Trois traders russes menaient grand train à Genève. Problème: leur fortune abritée à la Banque Bordier provenait d’une fraude. Douze millions et une villa ont été saisis par la justice genevoise.
(Lire la suite, parue le 2 septembre 2012: Chez Bordier, trois escrocs avec 109 millions au guichet)
«Monsieur Urumov pensait rejoindre la Banque Bordier depuis longtemps, mais il n’avait pas eu le temps jusque-là de venir en Suisse», expliquait le gérant dans la fiche d’ouverture de compte de son client. La banque privée genevoise se réjouissait beaucoup de l’arrivée de Gyorgy Urumov et de ses deux «associés», Ruslan Pinaev et Sergey Kondratyuk. Employés d’Otkritie Securities, filiale londonienne de la grande banque russe VTB, ces trois clients étaient apparemment bien sous tous rapports. Et encore mieux: ils étaient sur un très gros coup.
Les traders se disaient sur le point de vendre un «investissement commun» dans une société russe, Ural Pharma. L’opération allait leur rapporter au moins 120 millions de dollars. Le montant devait arriver depuis une banque en Estonie. C’était en tout cas l’histoire qu’ils racontaient à leurs banquiers suisses. Or comme le montre des documents de justice, ces 120 millions versés en mars 2011 en deux virements provenaient d’une fraude sophistiquée, montée sur le dos de la banque russe et portant sur des produits financiers complexes liés à la dette souveraine argentine.

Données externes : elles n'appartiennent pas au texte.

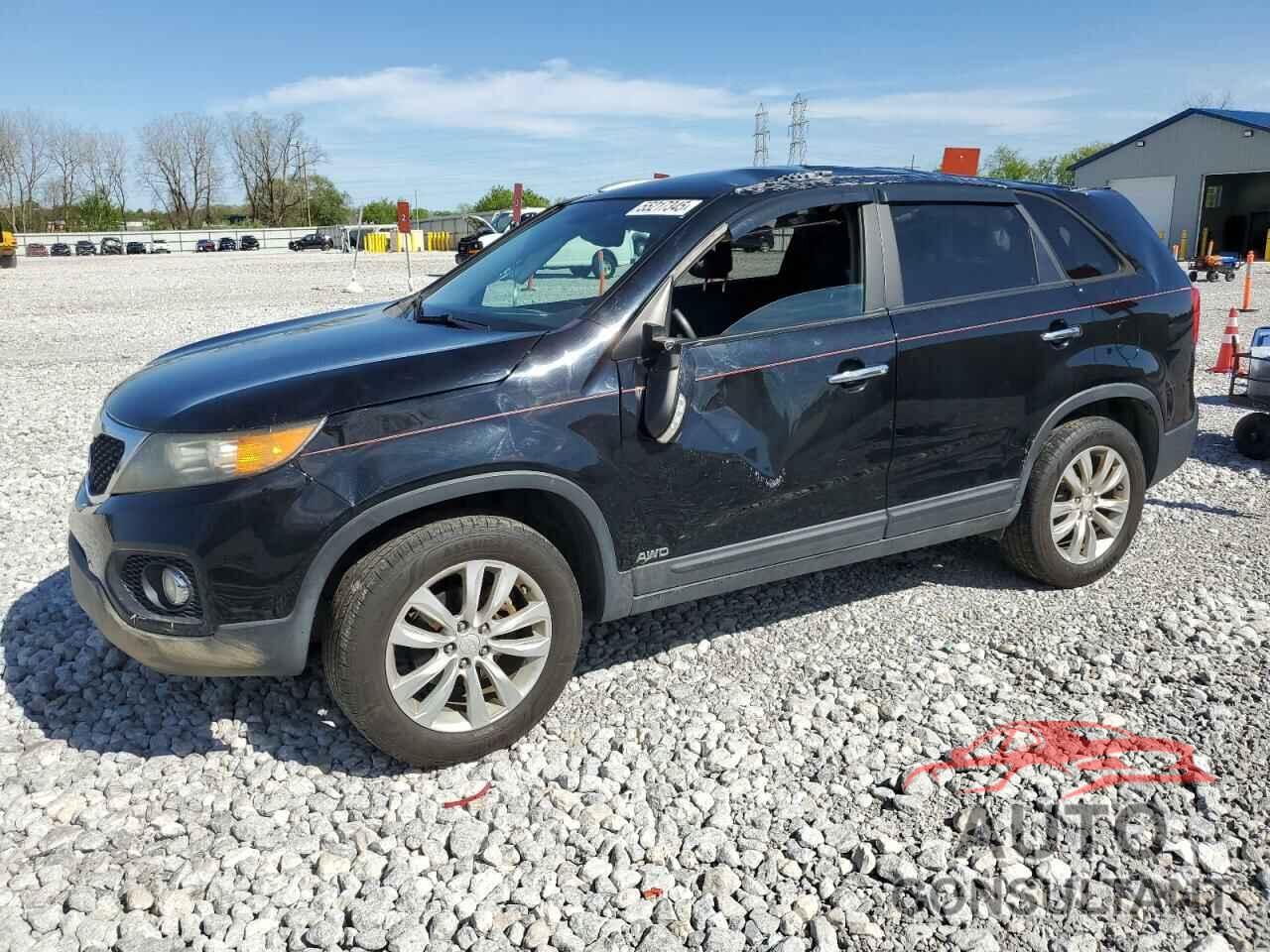 KIA SORENTO 2011 - 5XYKTDA25BG080027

Ce n’est qu’avec plusieurs mois de recul que la banque a fini par flairer l’embrouille. Sur les formulaires des sociétés écrans créés pour détenir les comptes, les trois traders donnaient des adresses en Russie, mais des numéros de portables à Londres. La vente supposée d’Ural Pharma n’avait fait l’objet d’aucune annonce en Bourse, ni d’aucun article.
C’est l’employeur des trois Russes qui a découvert le pot aux roses, en août dernier, en pinçant un de leurs comparses lors d’une transaction suspecte. Sentant l’affaire tourner à l’aigre, la banque a fini par adresser une «communication de soupçon de blanchiment» aux autorités fédérales, le 7 novembre dernier, déclenchant une enquête de la justice genevoise, qui a activement collaboré avec la banque russe.
Sergey Kondratyuk a été arrêté à Zurich le 21 novembre, et a passé deux mois en préventive. Ruslan Pinaev aurait fui la Suisse. Il est actuellement recherché par le Parquet de Genève, comme Georgy Urumov, considéré comme le cerveau du trio.
Entretemps, la plus grande partie des 120 millions de dollars virés chez Bordier s’est volatilisée. L’argent a été dispersé dans un écheveau de sociétés que la justice et le plaignant tentent aujourd’hui de démêler. Une piste mène vers une petite société de trading, Jecot SA, et vers divers comptes chez Credit Suisse.
Trois mois après avoir reçu sa part du butin, Ruslan Pinaev et son épouse avaient avancé 14,3 millions en liquide pour s’offrir une belle maison à Conches, dans la banlieue chic de Genève. Un notaire local avait encaissé 1,125 million de commissions sur la transaction.
La maison a finalement été saisie par la justice genevoise, de même que 12 millions de francs sur des comptes. En octobre dernier, alors que les filets commençaient de se resserrer autour d’eux, les trois Russes se sont offert des bijoux pour plus de 3 millions de dollars chez le joaillier Chatila, à Genève.
La Banque Bordier n’a pas souhaité s’exprimer. L’avocat de la banque russe, Christian Schilly, s’est, lui aussi, refusé à tout commentaire.